SHINGU, Wakayama Pref. — Inosawa Ukishima, a bog woodland in the center of Shingu City at the mouth of the Kumano River, isn’t an ordinary park.

Ukishima means “floating island,” and that’s what it is, right in the center of Shingu. The woodland is thought to be around 8,000 years old. About 10,000 B.C. the lower-lying areas of Shingu were flooded by rising seawater.

Inosawa Ukishima in Wakayama Prefecture is Japan’s only urban park based on a bog woodland.

Then around 6,000 B.C. the sea level began to recede again. In the wake of the 4,000-year-long flood the water-filled depressions and hollows around Shingu gradually filled with plant debris in various stages of decomposition.
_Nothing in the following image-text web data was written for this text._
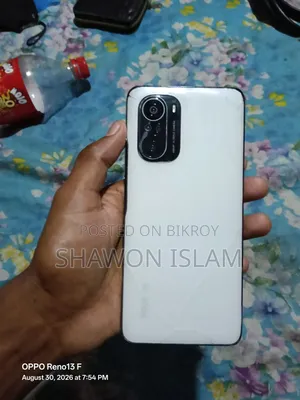 Xiaomi Poco F3 128 GB White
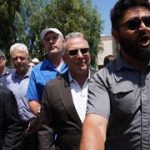 Witkoff visits Hostage Square; captive’s mother: They said my son starving is ‘Hamas propaganda’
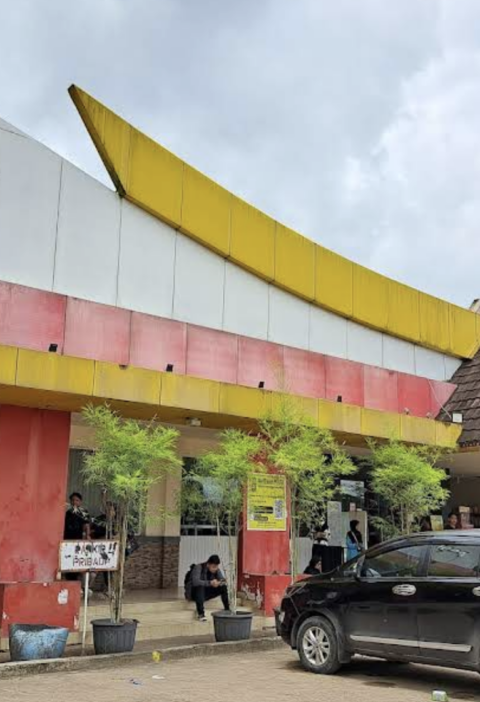 Rumah Makan Pagi Sore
Plants that die in a bog do not decompose, because of the lack of oxygen. Instead the undecomposed dead plants accumulate into layers that gradually raise the lake bed to the water surface. Upon this layer, bushes and eventually trees will colonize. This was the beginning of Ukishima.

Peat bogs are called deitan-shitsugen in Japanese; a bog woodland is a shotakurin. The unique ecosystem of this particular bog woodland, with its relatively cool water and soil temperature, enables plants from the cool-temperate region to grow side by side with plants from warm-temperate and even semitropical regions.

The Kii-joro-hotogisu of the Kii Peninsula

The flora of the southern Kii Peninsula are directly affected by the warm Kuroshio Current, which brings moisture-laden winds, raising the yearly rainfall to the highest in Japan. Moreover, typhoons hit this coastline regularly during the typhoon season.

The park was designated a national monument in 1927. After World War II, however, things went poorly for Ukishima. The land immediate surrounding it was developed for new houses, and in the process the natural water supply, vital for the survival of this ecosystem, was cut off completely. Trees started to die. Ukishima was a badly neglected national monument.

A committee was set up to look into ways to revitalize Ukishima and preserve the island. In basic terms, this bog island required a permanent life-support system. In 1993 household- and well-water began to be pumped into the island area for four hours per day at a rate of 5 liters per second. Then last year another water-intake system was opened, pumping from the mouth of the Kumano River. The water is filtered to remove any impurities that could harm delicate plants.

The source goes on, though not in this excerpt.